Del baúl de los recuerdos


Mi medio hermano Tulio era mayor que yo por unos trece años. Cuando él tenía cerca de dieciocho, yo apenas era un niño, así que tuvimos poco tiempo para convivir, y menos aún para conocernos de verdad.

Tulio siguió los pasos de su hermano mayor, Jorge, a quien prácticamente no conocí. En cuanto tuvo edad, Jorge se marchó de Acámbaro, ingresó al Colegio Militar de la Ciudad de México y más tarde se incorporó a la Fuerza Aérea. En ese camino animó también a Tulio, que, apenas pudo, se inscribió en el mismo colegio y, tiempo después, pasó a formar parte de la aviación militar.
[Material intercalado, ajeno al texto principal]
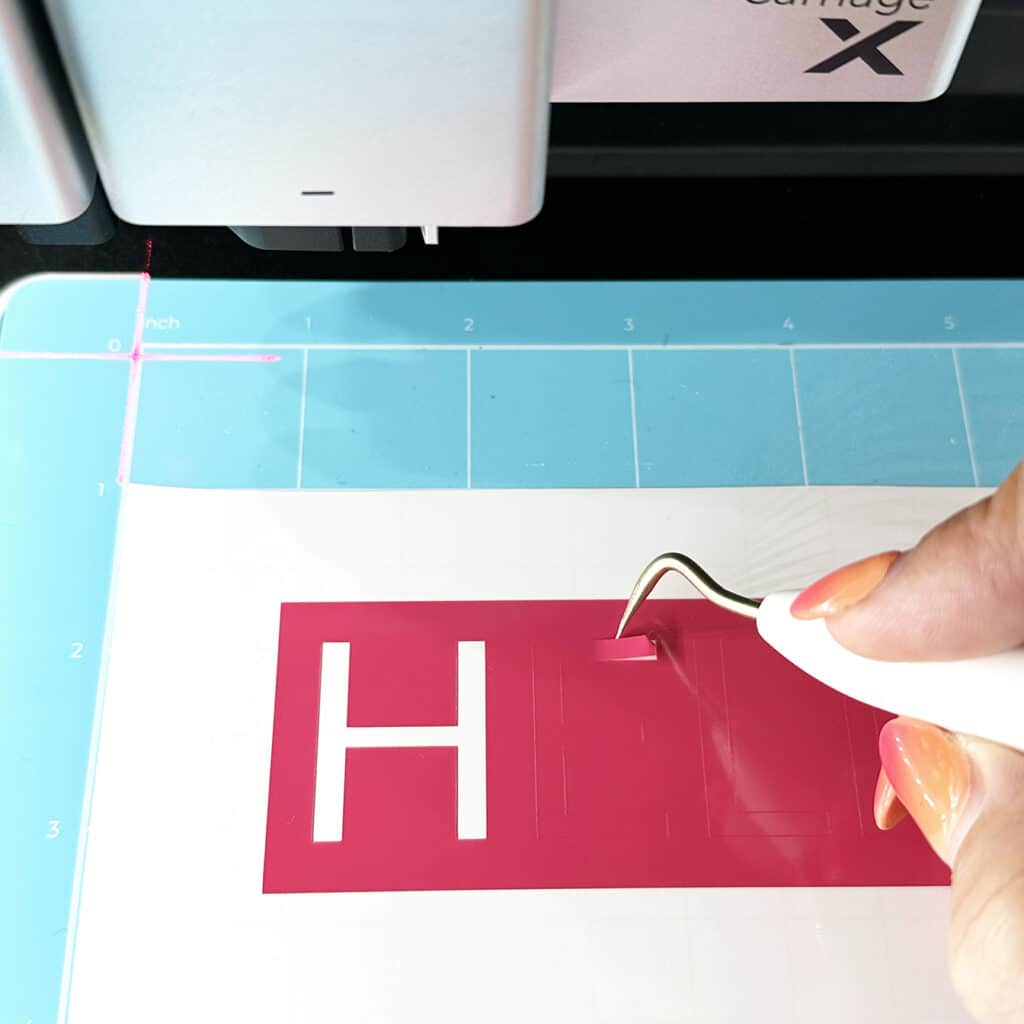 weeding hot pink vinyl with weeding tool in xtool m1 ultra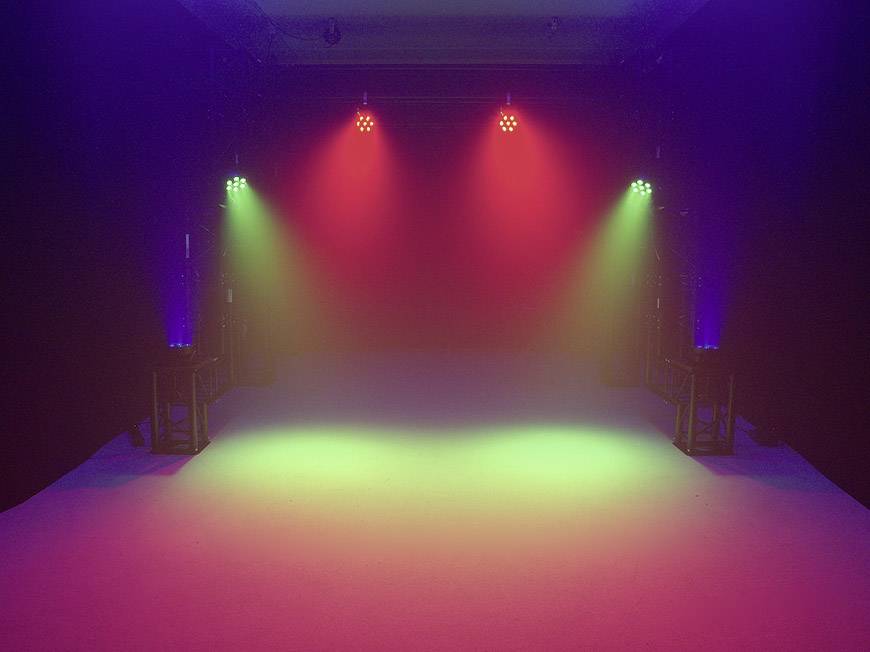 Pusty pokój z kolorowym światłem: czerwone, zielone i niebieskie światła z jasnych lamp LED tworzą atmosferę sceny lub dyskoteki.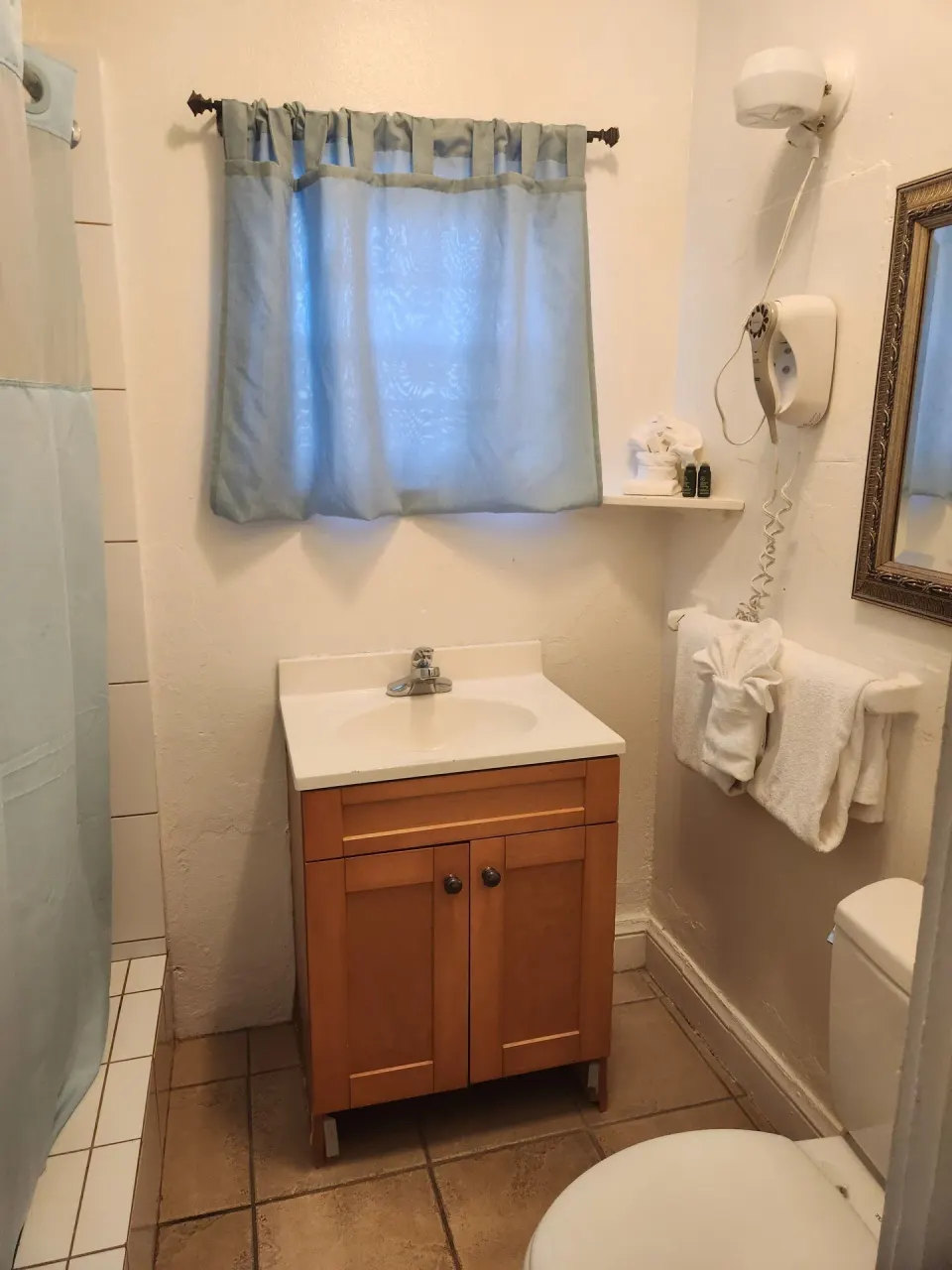 Bathroom for the Tiny Room with vanity, shower curtain, towels, and wall mirror at Mafolie Hotel.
Tulio era bastante alto, casi llegaba al 1.90; espigado, picado de viruela, de rostro cálido y hábil en el manejo de aviones. Se distinguió como uno de los pocos pilotos que, en aviones de hélice de esa época, dejaba caer su nave en barrena y lograba dar seis o siete vueltas sobre sí misma, una maniobra altamente peligrosa.

En 1945, como piloto del Escuadrón 201, se capacitaba en los Estados Unidos en el manejo de cazas de combate. Formaba parte del segundo grupo de ese escuadrón y estaban a punto de partir al frente del Pacífico, para enfrentar a los japoneses, cuando —por fortuna— se acabó la guerra.

Yo cursaba entonces el quinto o sexto grado de primaria, hacia 1946 o 1947, cuando una tarde, a plena luz del día, estando en casa, escuché el paso de un avión sobre el cielo de Acámbaro. Reconocí de inmediato el rugido del motor: era mucho más ruidoso que el de los aviones civiles. Supe sin dudarlo que era Tulio. Corrí al techo de la casa y vi cómo el avión regresaba. Tres veces cruzó el cielo, volando relativamente bajo, moviendo las alas en vaivén como señal de saludo. Ratifiqué que era él y me emocioné. Sabía, por lo que contaban mis padres, que cuando Tulio pasaba cerca de Acámbaro durante sus misiones como piloto militar, solía volar bajo para saludar, aunque esa altura no estuviera permitida.

Poco durarían esas oportunidades. Tulio, por desgracia, tuvo un accidente fatal: su avión se estrelló en la zona del Monte de las Cruces, en el Estado de México. Murió sin llegar a conocer a su hija, que estaba por nacer. Hacía poco se había casado. Fue un golpe duro para toda la familia, sobre todo para Irma, su esposa, y para su hija, que no tuvo la dicha de conocerlo.

Mi padre, en unos cuantos años, perdió a los tres hijos de su primer matrimonio: a Jorge y a Tulio, en accidentes mientras piloteaban aviones de la Fuerza Aérea Mexicana, y a Nidia, al dar a luz a su último hijo. Supongo que, debido a ello, hizo todo lo posible por evitar que los hijos de su segundo matrimonio —entre ellos yo— se inclinaran por la aviación.

Mi gusto por los aviones de combate ha sido siempre el de un simple aficionado. Nunca me pasó por la cabeza abrazar esa carrera. Cuando cursaba el tercero o cuarto año de la carrera de abogado, mi padre —que residía como siempre en Acámbaro— vino a visitarme a la Ciudad de México. Durante su estancia se me ocurrió invitarlo al cine, y sin pensarlo muco lo llevé a ver una película cuya trama giraba en torno a la vida y muerte de pilotos de combate, instalados en un portaaviones, durante la guerra de Corea (1950–1952). Todavía hoy lamento mi ocurrencia.

Mi padre, siempre hermético en sus emociones, no dijo una palabra. Yo tampoco. Es terrible el mundo interior de quienes fuimos educados para vivir los sentimientos de manera introspectiva, los que rara vez se exteriorizan. Esto va por mi padre, por mí mismo, y —por lo que he podido constatar— por mi propio hijo.

Posdata:
A veces, la memoria juega con recuerdos dolorosos... en los que sería preferible el olvido.